A Proud Cherry Picker
We were sitting right across from each other at the dining room table when he uttered the words,
“I wish you had less faith.”
I live in the South where being Christian is almost seen as a right of passage. Wear a cross necklace and all of a sudden you get a 10% discount on coffee at every local place in town. Bring your bible for 25% off and a free refill.
Roads on Sunday mornings are ungodly empty because everyone is out praying and preaching, leaving beautifully vacant highways for us non-Church goers.
So I was perplexed, to say the least, to hear someone telling me they wish I had less faith. Because, more often than not, I would have friends push me to go church, to read the Bible, to pray to God. But here was one of my closest friends requesting the complete opposite.
You see, I’m in a predicament. I’m faithful enough to not be considered agnostic anymore but I’m not devoted enough to call myself a Christian. I’m simply seeking.
And that doesn’t please either side.
“I wish you had less faith,” he said.
I was creating an obstacle for one of my closest friends, who shared very little interest in religion. We used to question the Bible in a cynical way. We used to express our irritation with politicians who offered “thoughts and prayers” instead of action. We used to be connected to each other ironically because we weren’t connected with God.
And after opening my mind to the idea that God might actually exist, I changed.
And although I see the benefits in my life as I opened my heart to the idea of Christ, I recognized the impact it has had on my friendships. We agreed less, argued more. And I couldn’t get my side across because it was based on an ideology he didn’t believe in. My side couldn’t exactly “click” with him. My relationship with God unintentionally created a wall, a wall higher than Trump could ever dream of. And I never thought Christianity could do such a thing as it’s all about loving one another.
I don’t believe homosexuality is a sin. I don’t believe only Christians go to Heaven. I cannot begin to fathom evangelizing those with completely different cultures and backgrounds who live lives vastly different from those in the western hemisphere. And I don’t believe Christianity is the only way; it is simply the way that works for me.
And I guess that means I’m going to Hell.
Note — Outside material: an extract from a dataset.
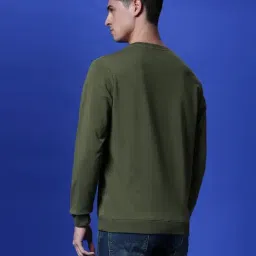 Pepe Jeans Olive Cotton Regular Fit Colour Block Sweatshirt image 2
My Christian friends will tell me, “You have to believe in everything the Bible says. You have to be Christian to go to Heaven. And you have to spread the word of Christ.”
Now of course, they will not tell me straight out like this. They lace their harsh views in support, patience, and compassion. They are wonderful people with strange views that puzzle me.
Why do I have to believe all of this?
“You can’t cherry pick the Bible", they say.
I think when people think of a cherry picker, they picture a deadbeat teenager who doesn’t respect their parents, parties every night, pops cherries, and “prays” for forgiveness on Sunday only to do the same thing again.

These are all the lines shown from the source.